The following is a set of summaries:
{docs}
Take these and distill it into a final, consolidated summary
of the main themes.
"""

reduce_prompt = ChatPromptTemplate([("human", reduce_template)])

# reduce a set of document into one
async def _reduce(input: dict) -> str:
    prompt = reduce_prompt.invoke(input)
    response = await llm.ainvoke(prompt)
    return response.content

async def collapse_summaries(state:OverallState):
    doc_lists = split_list_of_docs(
        state['collapsed_summaries'], length_function, token_max
    )
    results =[]
    for doc_list in doc_lists:
        results.append(await acollapse_docs(doc_list, _reduce))

    return {"collapsed_summaries": results}

def should_collapse(state:OverallState)->Literal["collapse_summaries", "generate_final_summary"]:
    num_tokens = length_function(state['collapsed_summaries'])
    if num_tokens > token_max:
        return "collapse_summaries"
    else:
        return "generate_final_summary"

async def generate_final_summary(state:OverallState):
    summary = await _reduce(state['collapsed_summaries'])
    return {'final_summary': summary}

builder = StateGraph(OverallState)
builder.add_node('generate_summary', generate_summary)
builder.add_node('collect_summaries', collect_summaries)
builder.add_node('collapse_summaries', collapse_summaries)
builder.add_node('generate_final_summary', generate_final_summary)

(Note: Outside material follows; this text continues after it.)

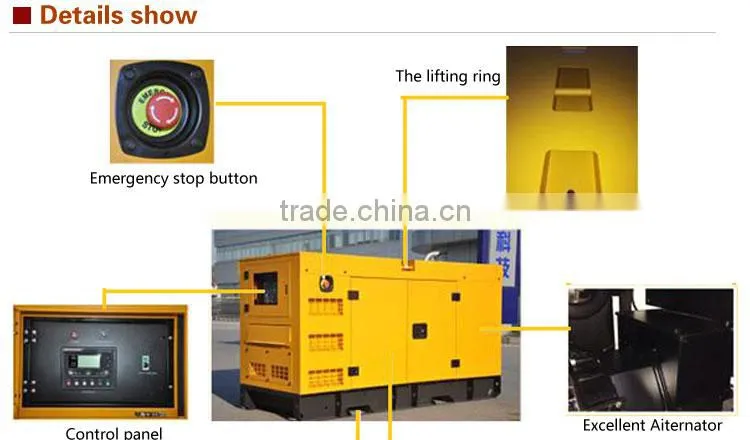 10kw/10kva diesel generator single phase portable type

builder.add_conditional_edges(START, map_summaries, ['generate_summary'])
builder.add_edge('generate_summary', 'collect_summaries')
builder.add_conditional_edges('collect_summaries', should_collapse)
builder.add_conditional_edges('collapse_summaries', should_collapse)
builder.add_edge('generate_final_summary', END)
graph = builder.compile()


In [5]:
async for step in graph.astream( {'splitts':[split.page_content for split in splitts]}):
    print(step.keys())


dict_keys(['generate_summary'])
dict_keys(['generate_summary'])
dict_keys(['generate_summary'])
dict_keys(['generate_summary'])
dict_keys(['generate_summary'])
dict_keys(['generate_summary'])
dict_keys(['generate_summary'])
dict_keys(['generate_summary'])
dict_keys(['generate_summary'])
dict_keys(['generate_summary'])
dict_keys(['generate_summary'])
dict_keys(['generate_summary'])
dict_keys(['generate_summary'])
dict_keys(['generate_summary'])
dict_keys(['collect_summaries'])
dict_keys(['collapse_summaries'])
dict_keys(['generate_final_summary'])


In [7]:
result = await graph.ainvoke( {'splitts':[split.page_content for split in splitts]})

In [10]:
display(Markdown(result['final_summary']))

LLM-powered autonomous agents are an emerging field using large language models for planning, memory, and tool use to tackle complex tasks. Planning involves task decomposition and self-reflection to improve reasoning, while memory utilizes both short-term (in-context learning) and long-term (external vector stores). Tool use expands capabilities through external APIs, with architectures like MRKL and Toolformer being developed. Challenges include efficiency, reliance on long context windows, stability, and self-evaluation issues. Applications are being explored in areas like drug discovery and autonomous scientific experiment design, alongside simulations of human behavior. A related system, GPT-Engineer, generates code repositories from natural language, often using MVC architecture. However, challenges remain with LLM agents, including context length limits, long-term planning difficulties, error adaptation, and reliability issues with natural language interfaces. Continuous self-evaluation and learning from feedback are key for optimal performance.